7

Two months ago, I reported, as a clang++ bug, that the C++ program below sets z to 4294967295 when compiled with clang++ -O2 -fno-strict-enums.

enum e { e1, e2 } e;

long long x, y, z;

char *p;

void f(void) {
    e = (enum e) 4294967295;
    x = (long long) e;
    y = e > e1;
    z = &p[e] - p;
}

My bug report was closed as invalid because the program is undefined. My feeling was that using the option -fno-strict-enums made it defined.

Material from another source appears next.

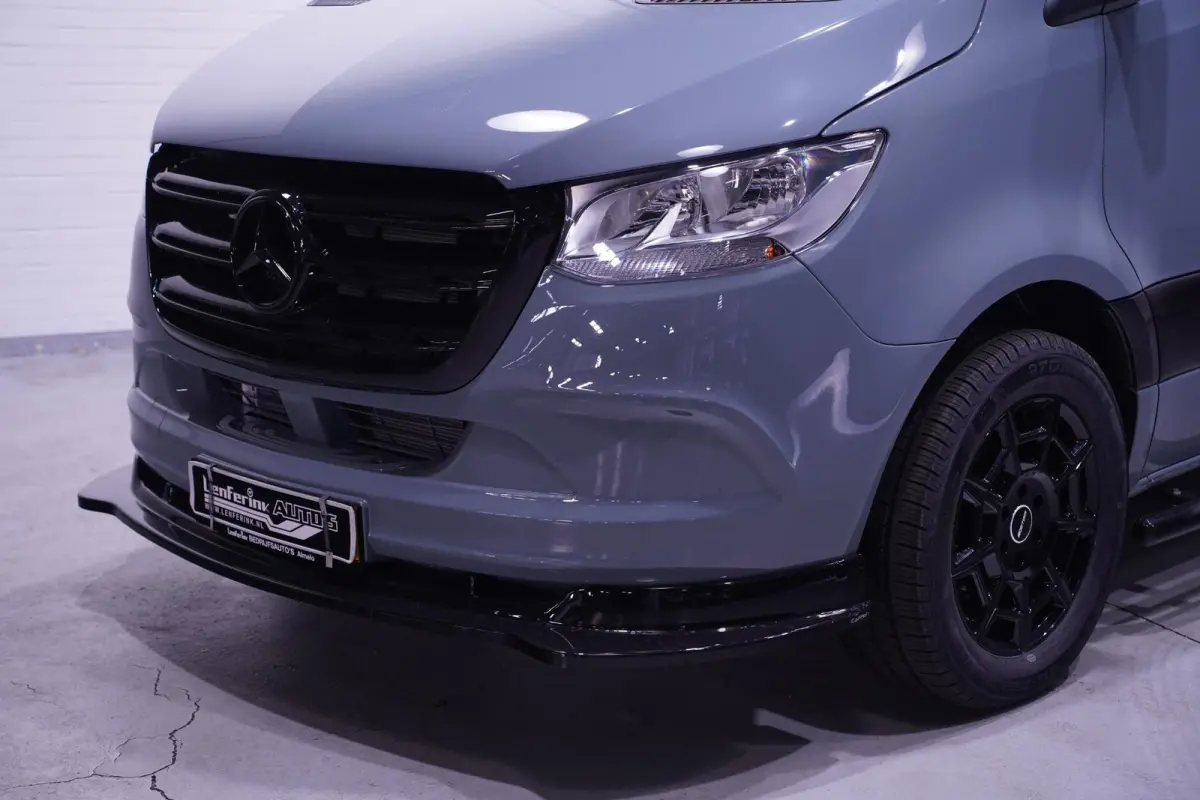 215 CDI 150 pk Black&Grey Edition L2H1 Airco, 18" LMV, Bumpers in Kleur, Zonneklep, Grille Zwart, 2-Zits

As far as I know, Clang does not have documentation worthy of the name, because it aims at being compatible with GCC with respect to the options it accepts and their meaning. I read GCC's documentation of the option -fno-strict-enums as saying that the program should set the value of z to -1:

-fstrict-enums

Allow the compiler to optimize using the assumption that a value of enumerated type can only be one of the values of the enumeration (as defined in the C++ standard; basically, a value that can be represented in the minimum number of bits needed to represent all the enumerators). This assumption may not be valid if the program uses a cast to convert an arbitrary integer value to the enumerated type.

Note that only the option -fstrict-enums is documented, but it seems clear enough that -fno-strict-enums disables the compiler behavior that -fstrict-enums enables. I cannot file a bug against GCC's documentation, because generating a binary that sets z to -1, what I understand -fno-strict-enums to mandate, is exactly what g++ -O2 -fno-strict-enums does.

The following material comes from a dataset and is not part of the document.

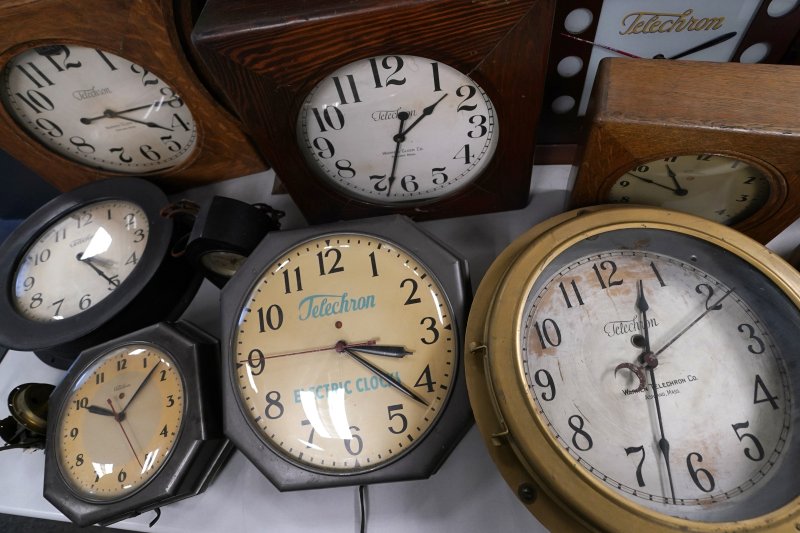 미국 매사추세츠 주 메드필드의 한 시계 회사에 시계들이 전시되어 있다. 미국은 10일(현지시간) 부터 서머타임(일광절약시간제·Daylight Saving Time)을 시작한다. 사진=AP연합뉴스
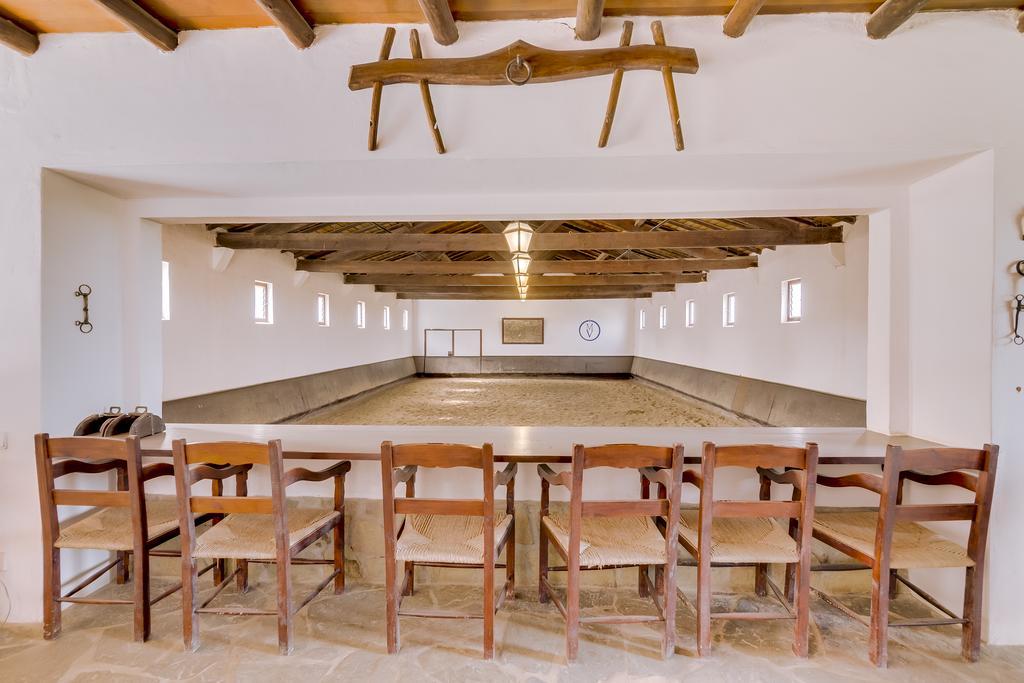 Monte Velho Equo-resort Country house *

Could anyone tell me what -fno-strict-enums does in Clang (and in GCC if I have misunderstood what it does in GCC), and whether the value of the option has any effect at all anywhere in Clang?

For reference, my bug report is here and the Compiler Explorer link showing what I mean is here. The versions used as reference are Clang 10.0.1 and GCC 10.2 targeting an I32LP64 architecture.

Pascal Cuoq
  • 79,187
  • 7
  • 161
  • 281
  • @JaMiT I'm sorry, which uninitialized variable? As for the second potential UB, overflow in conversions are implementation-defined, so in `(enum e) 4294967295 ` I expect the implementation-defined behavior to be applied when converting `4294967295` to the underlying type of `enum e`. The implementation-defined behavior is warp-around. – Pascal Cuoq Nov 07 '20 at 15:09
  • @JaMiT Variables in namespace scope (like e.g. global variables) without an explicit initializer will be "zero" initialized. – Some programmer dude Nov 07 '20 at 15:10
  • @JaMiT Well the compiler has to generate code for `f` that behaves correctly for all initial values of `p` that make the source code of `f` defined. If you insist on seeing a calling context for `f` that does not make the question meaningless, it can be `p = malloc(5000000000U); if (!p) abort(); f();` – Pascal Cuoq Nov 07 '20 at 15:14
  • @JaMiT If you have an argument explaining that the function `f` is undefined for all possible calling contexts, that would also answer my question. But I don't think that “p would have to point to an array of 4294967294 elements” is that argument, because `p` can do just that and the code generated by the compiler has to behave correctly when `p` does that. – Pascal Cuoq Nov 07 '20 at 15:24
  • @Eljay My question is “what does the clang++ option `-fno-strict-enums` do? Does it do anything?”. If you are convinced of this, perhaps you know the answer to that question? – Pascal Cuoq Nov 07 '20 at 15:25
  • 1
    `-fno-strict-enums` disables optimizations based on the strict definition of an enum’s value range. But violating ISO 14882 on the valid range of the enum is still undefined behavior. – Eljay Nov 07 '20 at 15:36
  • I've realized that my earlier comments were just echoes of the noise in the question, so I've retracted (deleted) them. I now see that the question is "what does `-fno-strict-enums` do in Clang?" and that the rant about the bug report is just background noise that should be ignored. – JaMiT Nov 07 '20 at 15:47
  • Your program is undefined because `sizeof(e)` is not required to be big enough to hold the value you're storing into it. That's why your bug was closed. – Nicol Bolas Nov 07 '20 at 15:58
  • @NicolBolas You think that [conv.integral] does not apply to a conversion to an enum type? – Pascal Cuoq Nov 07 '20 at 17:59
  • @PascalCuoq: Enumerations are not [integer types](https://timsong-cpp.github.io/cppwp/n4659/basic.fundamental#7). They can be promoted to integer types, but by themselves, they aren't integer types. And yes, [the conversion is undefined](https://timsong-cpp.github.io/cppwp/n4659/expr.static.cast#10). – Nicol Bolas Nov 07 '20 at 19:01
  • @NicolBolas Thank you for this reference, I am no good at navigating the C++ standard. – Pascal Cuoq Nov 07 '20 at 21:14
  • I erred when I provided an example of context in which the function `f` would be defined. I expect `e` to evaluate to `-1` in the expression `&p[e]`, and for this reason an example of valid context in which to call `f` is `char c; p = &c + 1; f();`. – Pascal Cuoq Nov 09 '20 at 09:51

1 Answers1

4

The effect of -fno-strict-enums is to cancel -fstrict-enums. That is, the compiler is not allowed to optimize using the assumption that a value of enumerated type can only be one of the values of the enumeration. I would like to emphasize that the word choice is "allowed", not "required". It can be difficult to see the impact of no longer allowing something that was not done in the first place. Still, I think I've found an example where this can be seen.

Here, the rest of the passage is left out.